A decade on from the 2007-08 global financial crisis, the majority of private banks have changed very little. Most remain solely concerned with maximising their returns, while sustainable or social goals remain subservient to this. For conventional economists, anything else remains an impossible or distant dream.

But there is hope for a different kind of bank – one that is run democratically and with sustainable principles at its core. Costa Rica’s cooperative Banco Popular and of Communal Development (or BPDC) illustrates a viable and desirable alternative to the average private bank. While not without its own challenges, it offers a number of lessons for the rest of the world.

Banco Popular was established in 1969 by the Costa Rican government to promote economic development. The bank emerged from a tradition of solidarity, and continues to reflect that today. Its mission is to serve the social and sustainable welfare of Costa Ricans.

BPDC is a distinctive, public-like cooperative bank that is worker-owned and controlled. Any worker holding a savings account for over a year has the right to share ownership in it. It combines commercial and developmental functions with clients that include workers, peasants, micro-, small- and medium-sized enterprises, as well as communal, cooperative, and municipal development associations.

Since 2000, the bank has grown into a large financial conglomerate (Costa Rica’s third largest bank), offering the gamut of banking, pension, stock market, investment and insurance services. It has 103 branches nationwide and employs 4,300 people. Assets exceeded US$5.4 billion in 2016 with a net income of US$68m. Its return on assets averages around 1.5%, showing high returns for a retail bank.

The bank benefits from a unique form of permanent capitalisation: employers contribute 0.5% and workers 1% of their monthly wages to it. After a year, 1.25% of these “obligatory savings” are transferred to each worker’s individual pension fund. The BPDC keeps the remaining 0.25% as a capital contribution.

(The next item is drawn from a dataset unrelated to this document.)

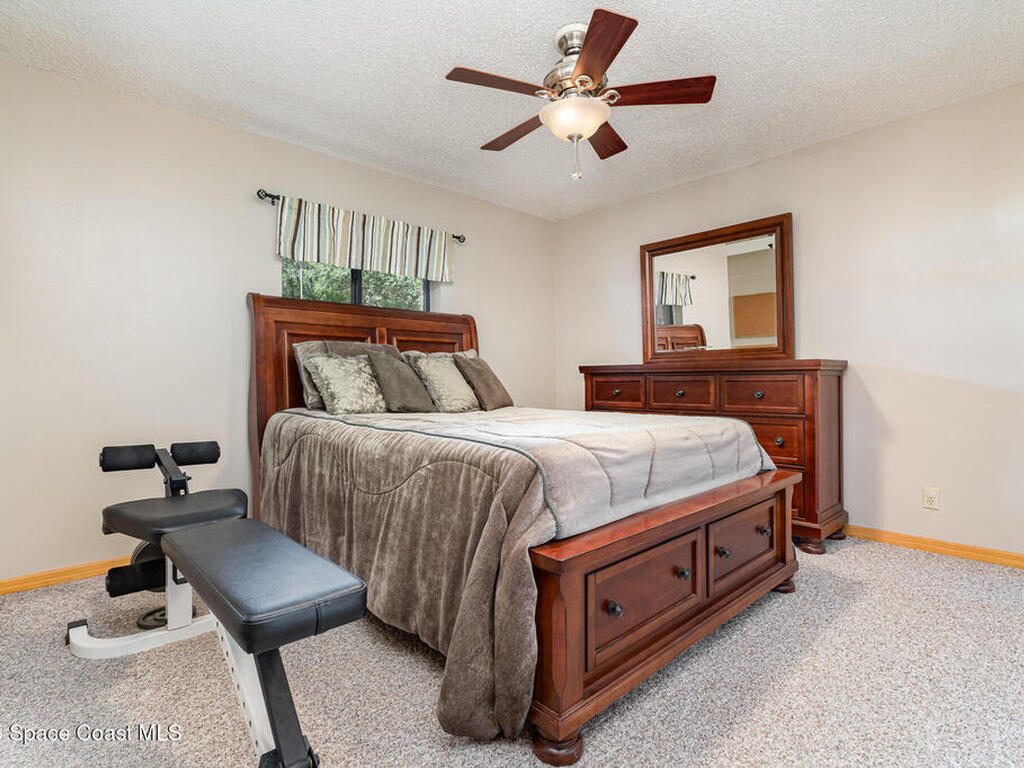 7793 Windover Way, Titusville, FL 32780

The BPDC qualitatively differs from typical private banks. Its current mandate incorporates a triple bottom line: the economic; the environmental; and the social. Earning financial returns is placed on a par with serving the environmental and social good.

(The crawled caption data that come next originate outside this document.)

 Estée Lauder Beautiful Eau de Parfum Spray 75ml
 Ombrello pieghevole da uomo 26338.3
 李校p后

Democratic decision-making

The BPDC is perhaps the most democratic bank in the world. It has a workers’ assembly as its highest governing body which represents the 1.2m workers-cum-savers serviced by the bank (20% of the population). The assembly is made up of 290 representatives selected from a wide range of social and economic sectors. It gives strategic direction to the bank’s board of directors, which is composed of four members from the assembly and three from the government.

Popular consultation is a crucial part of the bank’s decision-making process. Its 2017-2020 strategic plan was informed by a three-year nationwide consultation, which reached nearly 1,500 participants across 11 regions.

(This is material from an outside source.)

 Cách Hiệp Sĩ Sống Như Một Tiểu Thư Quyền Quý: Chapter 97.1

The bank also puts a strong emphasis on gender equity. So at least 50% of the bank’s board must be women, earning the bank the distinction of being the first public organisation in Central America to establish at least 50% women in its decision-making bodies. The bank also has a Permanent Women’s Commission that makes gender equality a priority across the conglomerate.

What the BPDC is has much to do with its makeup.

Acting sustainability

The Banco Popular did not start out very green. But it has become a defining characteristic since 2014 when the left-leaning Citizens’ Action Party came to power and focused on making the economy promote social and environmental good, as opposed to pure profit.

The bank has since developed speciality lending products, like eco-savings and eco-credits to help businesses fund more environmentally friendly projects. For example, earlier this year the bank helped finance the purchase and installation of residential solar energy panels.

On the developmental side, the BPDC supports local communal associations to provide sustainable water supply systems. It also works with regional energy cooperatives to finance everything from hydroelectric energy generation and energy-efficiency retrofitting, to conservation projects involving vulnerable nature areas.

The bank has also started to green itself. It tracks its own consumption of energy, strategises how to reduce its carbon impact, and reports this annually following the international, independent Global Reporting Initiative. The bank’s pensions division has been certified as “carbon neutral” for four years running.

Room for improvement

Clearly, there is much to commend the Banco Popular as a model of alternative banking. But it is not perfect. Since its inception nearly 50 years ago, the bank has been the object of intense political power struggles and it came close to near collapse during the 1980s. Calls to privatise it are ever-present.

The struggle over effective control rages. Should the BPDC move towards complete worker control of its board or maintain continued government oversight, but with greater popular representation? The problem goes to the heart of how the public interest can and should be democratically represented in the bank.

Operationally, the Bank’s green portfolio needs expanding to be more sustainable. This will demand innovative thinking around green projects that have some kind of financial return. But how its green impact is practically measured has yet to be resolved.

Finally, there are burning strategic questions. The BPDC is relatively profitable. From a solidarity perspective, is this socially justifiable? Still, earning good returns enables the bank to fund more social projects through its subsidiary Social Bank. Some might argue that the whole of the bank’s operations be geared towards this.

These hitches of governance, greenness and socialness are important, but the beauty of the BPDC is that they are resolvable within the democratic processes of the bank and Costa Rican society. For those banking on alternatives to the private profit-maximising dogma of most banks, the Banco Popular offers hope and direction.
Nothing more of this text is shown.